Only one Proteus, in operation since September 2012, so far has been built, using only internal funds at the Undersea Solutions facility in Panama City, Fla., and has completed developmental testing.
“We now lease it to the Navy as a test bed supporting different programs for development of sensors, undersea technologies, undersea weapons systems, development of concepts of operations,” Lindman said. “As an aside, this has the ability as a training target. Because it has a big sonar signature on active sonar, it can be a stand-in for a diesel electric submarine in training [anti-submarine warfare] forces. With its range and payload capability, it is able to provide a near-term solution for urgent needs now.”
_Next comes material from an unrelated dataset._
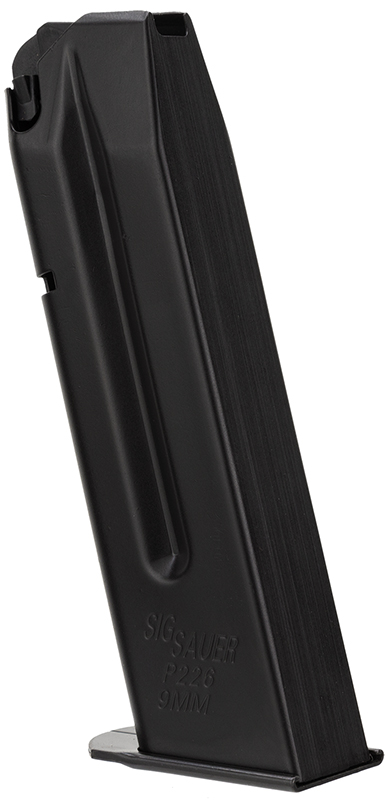 Sig Sauer 9mm Luger - Our Store view 2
The Navy also has been considering modifying its Mk48 submarine torpedo into a UUV for other missions. “U.S. Navy heavyweight torpedoes have always been very capable,” Hartsfield said. “Torpedoes are really just highly specialized UUVs. With that in mind, it makes sense that torpedoes could be even more effective if they could have the endurance, navigational accuracy and communications capabilities of advanced UUVs. The submarine force and the Navy are actively pursuing advancements in these areas.
“The submarine force expects to host a wide variety of UUVs and UAVs [unmanned aerial systems], since we can provide covert ocean access,” he said. “Unmanned underwater vehicles and unmanned air systems have already launched from the Dry Deck Shelter, the torpedo tubes, the signal launcher and even the trash disposal unit. Submarines will continue to be a critical node that can deliver, recover and interface with a wide family of sea and air systems.”